In the last six months of the Covid-19 pandemic, Nepal has gone through a full-blown economic crisis. With the outbreak of the coronavirus showing no signs of abating, the outlook for recovery remains unclear sending the country’s private sector into a state of disarray. With each passing day becoming more stressful due to the worsening of the public health emergency, not only small and medium enterprises but also large business houses have found themselves surrounded by a number of challenges.
Manoj Kumar Kedia, executive director of Kedia Organization and chairman of Siddhartha Bank Limited, believes that most of the businesses in the country are struggling to survive the crisis on their own and that things could get worse without the proactive intervention of the government to address issues related to the economy and public health.
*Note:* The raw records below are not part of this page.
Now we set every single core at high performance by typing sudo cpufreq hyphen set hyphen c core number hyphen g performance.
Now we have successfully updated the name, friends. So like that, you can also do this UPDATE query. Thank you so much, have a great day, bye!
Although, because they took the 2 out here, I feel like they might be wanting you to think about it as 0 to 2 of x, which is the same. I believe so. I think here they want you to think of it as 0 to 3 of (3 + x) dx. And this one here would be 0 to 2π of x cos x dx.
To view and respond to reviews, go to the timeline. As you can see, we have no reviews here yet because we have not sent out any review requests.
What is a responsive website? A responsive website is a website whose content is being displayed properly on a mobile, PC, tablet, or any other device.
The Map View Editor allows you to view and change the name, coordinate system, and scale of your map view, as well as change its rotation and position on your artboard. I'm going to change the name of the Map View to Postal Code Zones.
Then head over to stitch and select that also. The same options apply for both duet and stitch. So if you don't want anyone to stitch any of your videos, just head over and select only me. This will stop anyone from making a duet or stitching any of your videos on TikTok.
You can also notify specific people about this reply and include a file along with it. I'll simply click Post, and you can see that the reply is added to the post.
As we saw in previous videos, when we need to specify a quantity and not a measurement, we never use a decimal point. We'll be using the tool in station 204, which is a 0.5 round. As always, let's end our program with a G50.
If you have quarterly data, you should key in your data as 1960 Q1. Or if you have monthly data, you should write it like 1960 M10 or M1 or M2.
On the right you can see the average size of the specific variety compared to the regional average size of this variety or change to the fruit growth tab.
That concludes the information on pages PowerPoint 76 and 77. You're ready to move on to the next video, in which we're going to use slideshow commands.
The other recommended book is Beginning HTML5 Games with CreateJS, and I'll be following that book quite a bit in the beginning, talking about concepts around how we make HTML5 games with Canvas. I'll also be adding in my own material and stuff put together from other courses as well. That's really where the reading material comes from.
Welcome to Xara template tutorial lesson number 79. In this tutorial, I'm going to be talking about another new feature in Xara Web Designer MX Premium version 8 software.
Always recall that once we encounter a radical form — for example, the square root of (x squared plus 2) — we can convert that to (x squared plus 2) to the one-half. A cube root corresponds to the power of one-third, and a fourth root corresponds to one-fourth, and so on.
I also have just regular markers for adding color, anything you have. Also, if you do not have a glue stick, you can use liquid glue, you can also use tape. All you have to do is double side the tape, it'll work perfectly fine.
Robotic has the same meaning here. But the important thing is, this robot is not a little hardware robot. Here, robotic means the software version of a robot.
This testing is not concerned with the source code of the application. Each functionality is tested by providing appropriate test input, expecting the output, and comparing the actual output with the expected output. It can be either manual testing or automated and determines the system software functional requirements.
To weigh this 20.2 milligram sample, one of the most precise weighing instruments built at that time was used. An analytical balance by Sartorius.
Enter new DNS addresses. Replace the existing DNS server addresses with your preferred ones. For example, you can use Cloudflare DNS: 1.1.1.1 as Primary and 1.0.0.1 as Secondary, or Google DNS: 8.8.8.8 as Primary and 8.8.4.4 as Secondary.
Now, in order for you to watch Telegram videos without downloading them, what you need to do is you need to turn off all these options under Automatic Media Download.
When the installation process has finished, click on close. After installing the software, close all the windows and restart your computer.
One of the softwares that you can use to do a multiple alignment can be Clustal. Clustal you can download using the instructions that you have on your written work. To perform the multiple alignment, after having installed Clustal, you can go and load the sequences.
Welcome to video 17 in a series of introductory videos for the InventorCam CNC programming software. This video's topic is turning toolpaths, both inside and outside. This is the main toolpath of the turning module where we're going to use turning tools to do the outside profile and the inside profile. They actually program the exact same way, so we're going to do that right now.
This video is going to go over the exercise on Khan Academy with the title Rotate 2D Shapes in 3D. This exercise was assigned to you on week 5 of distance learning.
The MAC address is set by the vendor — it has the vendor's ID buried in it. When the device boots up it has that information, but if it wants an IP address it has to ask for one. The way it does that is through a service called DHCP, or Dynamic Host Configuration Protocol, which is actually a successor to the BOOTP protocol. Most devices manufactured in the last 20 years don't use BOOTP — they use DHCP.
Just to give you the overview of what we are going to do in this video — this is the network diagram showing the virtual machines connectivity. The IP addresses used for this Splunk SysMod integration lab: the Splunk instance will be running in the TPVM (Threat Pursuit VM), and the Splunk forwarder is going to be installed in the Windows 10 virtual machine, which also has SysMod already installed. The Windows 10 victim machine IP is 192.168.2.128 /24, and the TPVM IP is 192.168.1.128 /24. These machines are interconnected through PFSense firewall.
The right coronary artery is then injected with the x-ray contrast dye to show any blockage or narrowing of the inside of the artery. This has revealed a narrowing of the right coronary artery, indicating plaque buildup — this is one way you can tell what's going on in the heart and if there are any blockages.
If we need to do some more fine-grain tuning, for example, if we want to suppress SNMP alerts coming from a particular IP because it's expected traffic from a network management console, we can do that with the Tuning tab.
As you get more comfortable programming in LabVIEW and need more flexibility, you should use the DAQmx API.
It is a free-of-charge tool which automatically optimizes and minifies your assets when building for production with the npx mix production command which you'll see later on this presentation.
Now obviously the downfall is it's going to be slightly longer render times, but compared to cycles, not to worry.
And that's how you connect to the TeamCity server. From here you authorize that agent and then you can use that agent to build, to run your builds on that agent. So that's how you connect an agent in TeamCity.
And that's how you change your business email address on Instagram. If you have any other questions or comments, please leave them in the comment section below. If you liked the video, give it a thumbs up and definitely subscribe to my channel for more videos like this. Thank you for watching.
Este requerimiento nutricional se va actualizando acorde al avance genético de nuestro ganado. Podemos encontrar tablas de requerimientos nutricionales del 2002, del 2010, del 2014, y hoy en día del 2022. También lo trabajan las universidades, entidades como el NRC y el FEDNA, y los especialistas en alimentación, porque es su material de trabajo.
In an interview with NewBiz Editor-in-Chief Madan Lamsal, Kedia talked about the current situation, prospects for recovery, new investment opportunities, among other topics. Excerpts:
How do you evaluate the impact of the Covid-19 pandemic on the Nepali economy?
The Covid-19 pandemic has impacted Nepal in different ways and the country’s economy will remain affected till 2022. Then after, we should observe the recovery gathering momentum. But it will also depend on how fast the Covid-19 vaccine is developed and distributed.
Currently, we are living in a state of big confusion. On the one hand, economic collapse is a fear as various restrictions are imposed, and on the other, we get distressed over worsening of the ongoing public health crisis which may delay lifting the restrictions.
We need to look into how some countries like China, New Zealand, Vietnam and South Korea are managing the Covid-19 challenge in terms of minimising the socio-economic impacts of the crisis. These countries are likely to witness a speedy economic recovery whereas the process will be slow in countries like ours. The fact that the government couldn’t work in meaningful ways over the last six months to chart out a path for the country’s economic revival will also add to the sluggishness in the recovery process.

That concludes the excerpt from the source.